Sometimes, Cooper gets in on the retrieving game with Cody. Only, Cooper doesn’t play right. We’ll throw the ball, and Cody will tear off after it, Cooper jogging behind him (jogging is about as fast as Cooper gets…). After Cody gets the ball, Cooper seems to think that the game turns into a defensive game, wherein Cooper tries to prevent Cody from getting back to us with the ball. Cody is a simple, SIMPLE boy. (But sweet, very, VERY sweet.) He loves his brudder, he loves his ball, he loves his people. That pretty much sums up his knowledge. (Frankly, if one has to have a limited body of knowledge, that’s a pretty good set. We should all be so lucky.) And when Cooper just DOESN’T PLAY RIGHT, the expression of confusion and heartbreak on Cody’s face is hilarious. Cody is unfamiliar with the “frustration” emotion. He knows he loves his brudder, and he loves the ball (which he has), and his brudder is JUST. NOT. DOING. IT. RIGHT. It’s hilarious. And sad.
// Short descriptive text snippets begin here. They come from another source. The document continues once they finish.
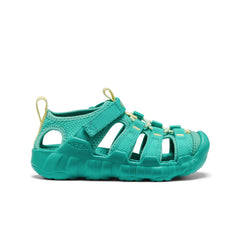 Little Kids' Hyperport H2 Sandal Bright Aqua/Wax Yellow / Keen / Kids'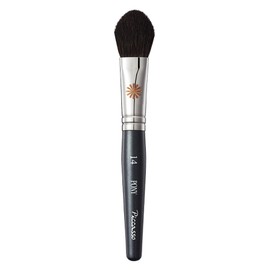 Picasso blusher brush Pony14 mini, 1 piece / 피카소 블러셔 브러쉬 Pony14 mini, 1개
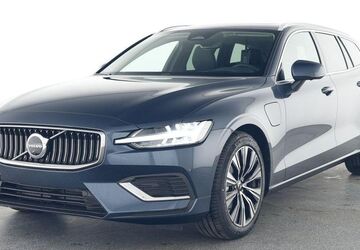 Volvo V60 16.606 km 39.998 &euro; Chemnitz OT Röhrsdorf 09247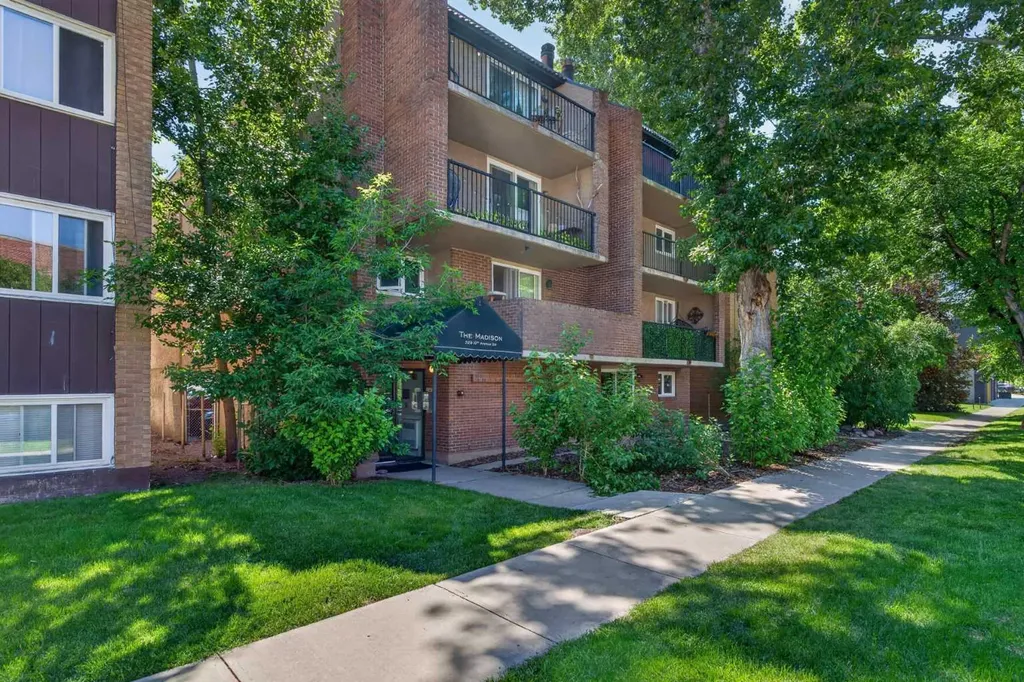 329 19 Avenue SW Calgary AB T2S 0E1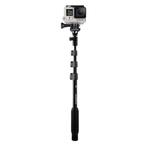 Selfie Stick voor GoPro Camera, Audio, Tv en Foto, Actiecamera's, Verzenden, Zo goed als nieuw
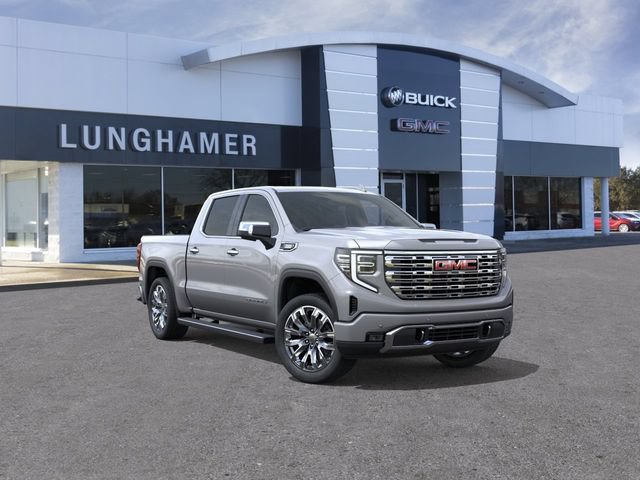  GMC Sierra 1500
Longest aside ever. Anyway, Cooper doesn’t “do” retrieving.
So tonight, he placed the dragon in my hands, looked at me like, “THROW IT, WOMAN.”, so I did. And Cooper jogged after it.
AND BROUGHT IT BACK TO ME! RIGHT BACK TO ME! No interim distractions, no stopping to squeak on the dragon on his dog bed for ten minutes before bringing it back to me, he saw the item thrown, he chased it down, and BROUGHT IT BACK TO ME.
It only took seven years. I’m a proud Labrador person tonight, people.